Requirement: Only the text belongs in the copy: repeat each record exactly, without pictures.

Provided information:
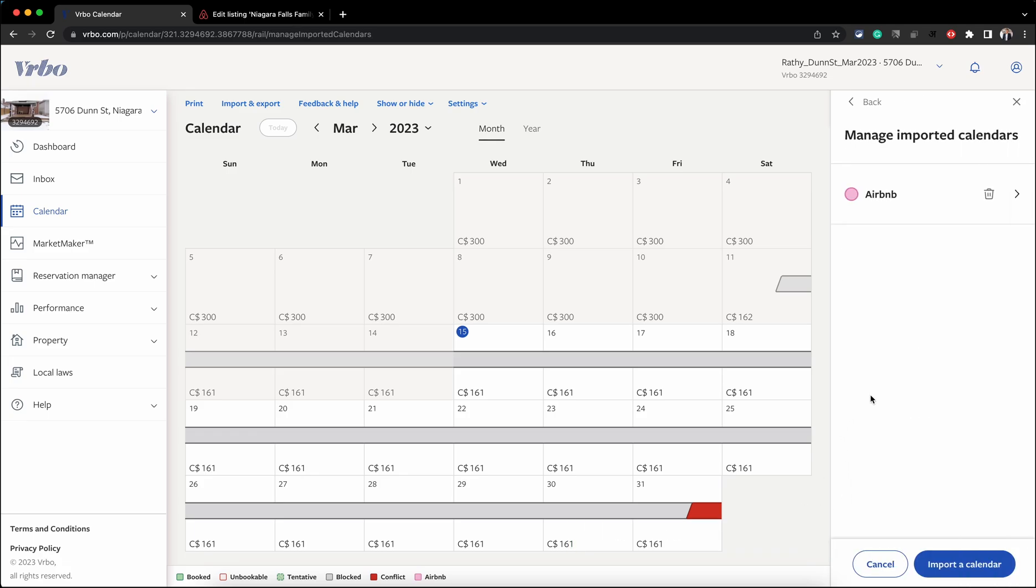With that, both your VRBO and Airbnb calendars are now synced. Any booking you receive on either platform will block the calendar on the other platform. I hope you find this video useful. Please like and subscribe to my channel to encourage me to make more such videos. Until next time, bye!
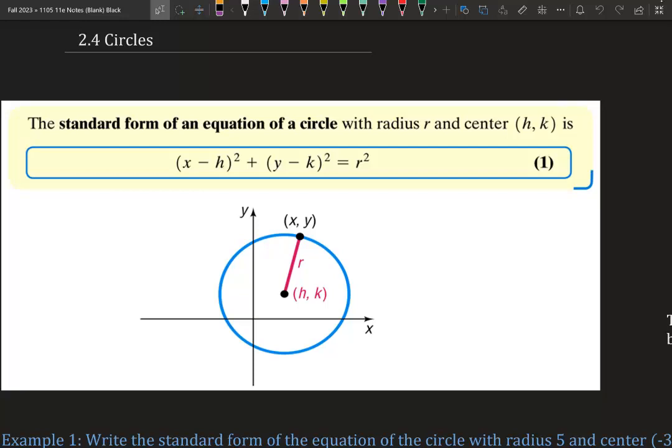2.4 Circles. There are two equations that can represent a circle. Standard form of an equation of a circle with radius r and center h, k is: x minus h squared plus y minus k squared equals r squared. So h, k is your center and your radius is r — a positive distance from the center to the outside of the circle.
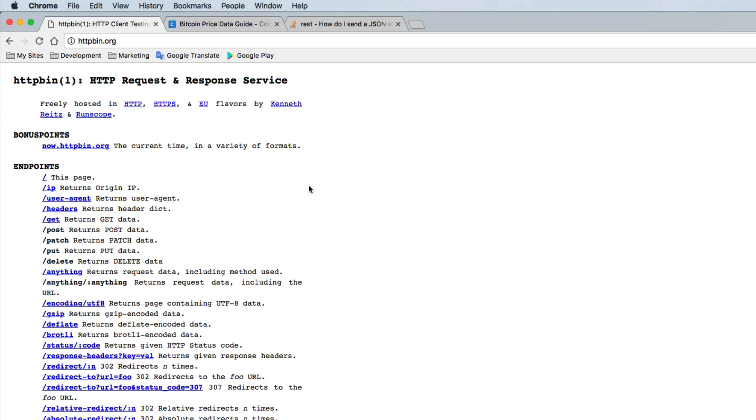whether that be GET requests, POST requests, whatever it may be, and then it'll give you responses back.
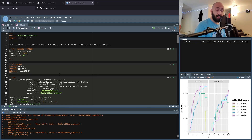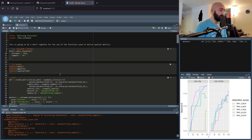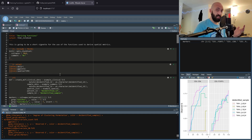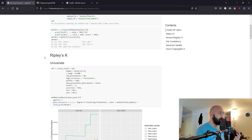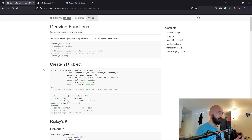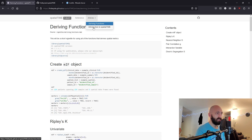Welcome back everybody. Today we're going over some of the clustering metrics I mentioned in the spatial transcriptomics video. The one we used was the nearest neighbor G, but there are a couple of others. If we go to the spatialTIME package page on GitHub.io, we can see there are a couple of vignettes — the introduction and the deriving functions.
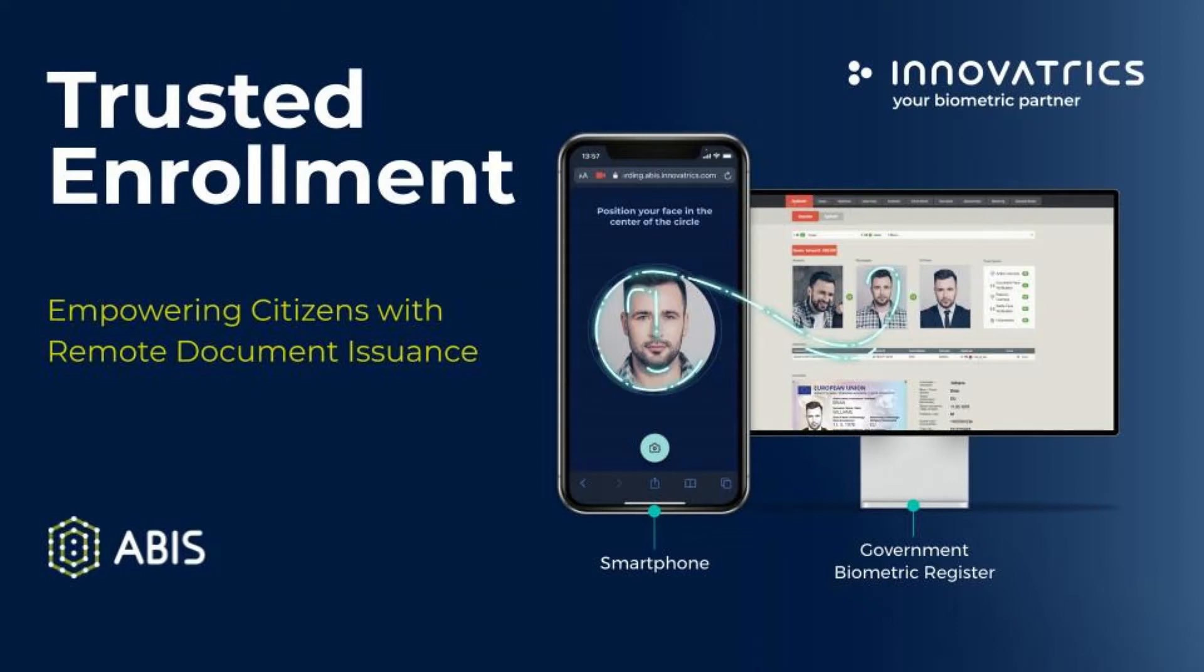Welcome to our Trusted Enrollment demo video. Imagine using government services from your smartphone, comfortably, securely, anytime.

Answer box:
With that, both your VRBO and Airbnb calendars are now synced. Any booking you receive on either platform will block the calendar on the other platform. I hope you find this video useful. Please like and subscribe to my channel to encourage me to make more such videos. Until next time, bye!
2.4 Circles. There are two equations that can represent a circle. Standard form of an equation of a circle with radius r and center h, k is: x minus h squared plus y minus k squared equals r squared. So h, k is your center and your radius is r — a positive distance from the center to the outside of the circle.
whether that be GET requests, POST requests, whatever it may be, and then it'll give you responses back.
Welcome back everybody. Today we're going over some of the clustering metrics I mentioned in the spatial transcriptomics video. The one we used was the nearest neighbor G, but there are a couple of others. If we go to the spatialTIME package page on GitHub.io, we can see there are a couple of vignettes — the introduction and the deriving functions.
Welcome to our Trusted Enrollment demo video. Imagine using government services from your smartphone, comfortably, securely, anytime.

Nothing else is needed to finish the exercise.